• _What is needed_:
Leave every picture out. Set down all the lines below exactly.

------------------------------

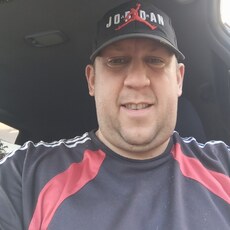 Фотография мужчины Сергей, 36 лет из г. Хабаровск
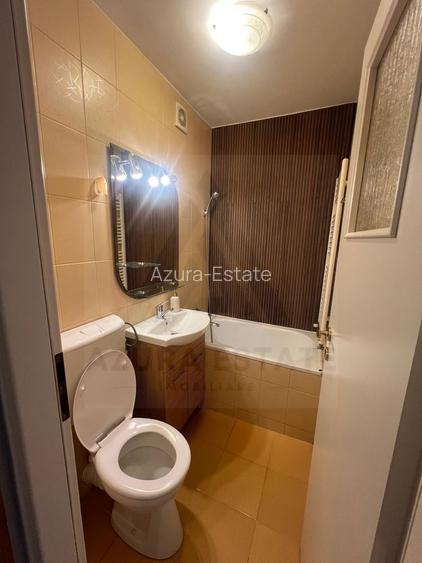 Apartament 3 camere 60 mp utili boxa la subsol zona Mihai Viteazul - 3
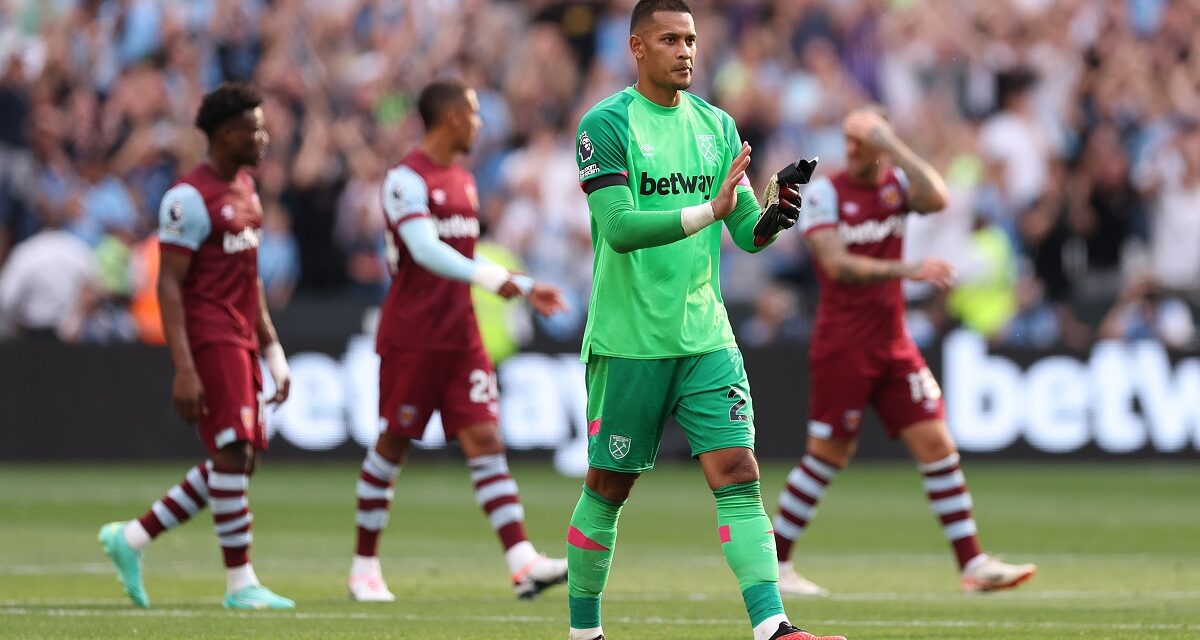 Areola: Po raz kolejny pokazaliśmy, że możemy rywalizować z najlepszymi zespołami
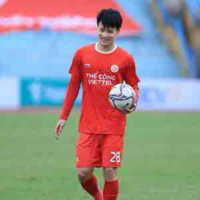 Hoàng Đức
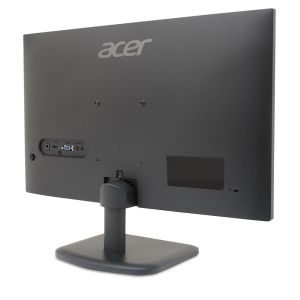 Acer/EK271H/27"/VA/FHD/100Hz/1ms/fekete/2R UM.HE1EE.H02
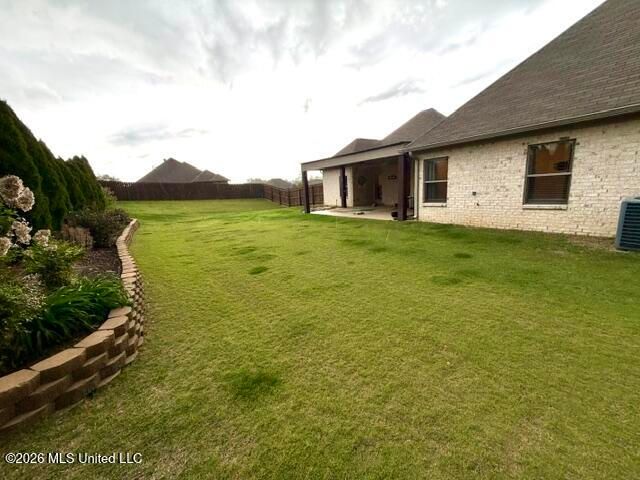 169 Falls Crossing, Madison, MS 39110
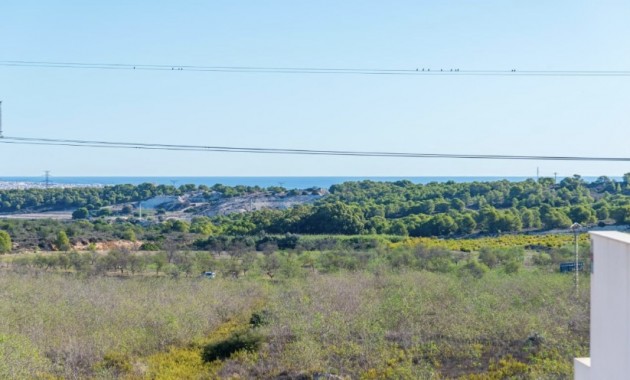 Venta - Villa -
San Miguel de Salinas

------------------------------

• _Written answer_:
 Фотография мужчины Сергей, 36 лет из г. Хабаровск
 Apartament 3 camere 60 mp utili boxa la subsol zona Mihai Viteazul - 3
 Areola: Po raz kolejny pokazaliśmy, że możemy rywalizować z najlepszymi zespołami
 Hoàng Đức
 Acer/EK271H/27"/VA/FHD/100Hz/1ms/fekete/2R UM.HE1EE.H02
 169 Falls Crossing, Madison, MS 39110
 Venta - Villa -
San Miguel de Salinas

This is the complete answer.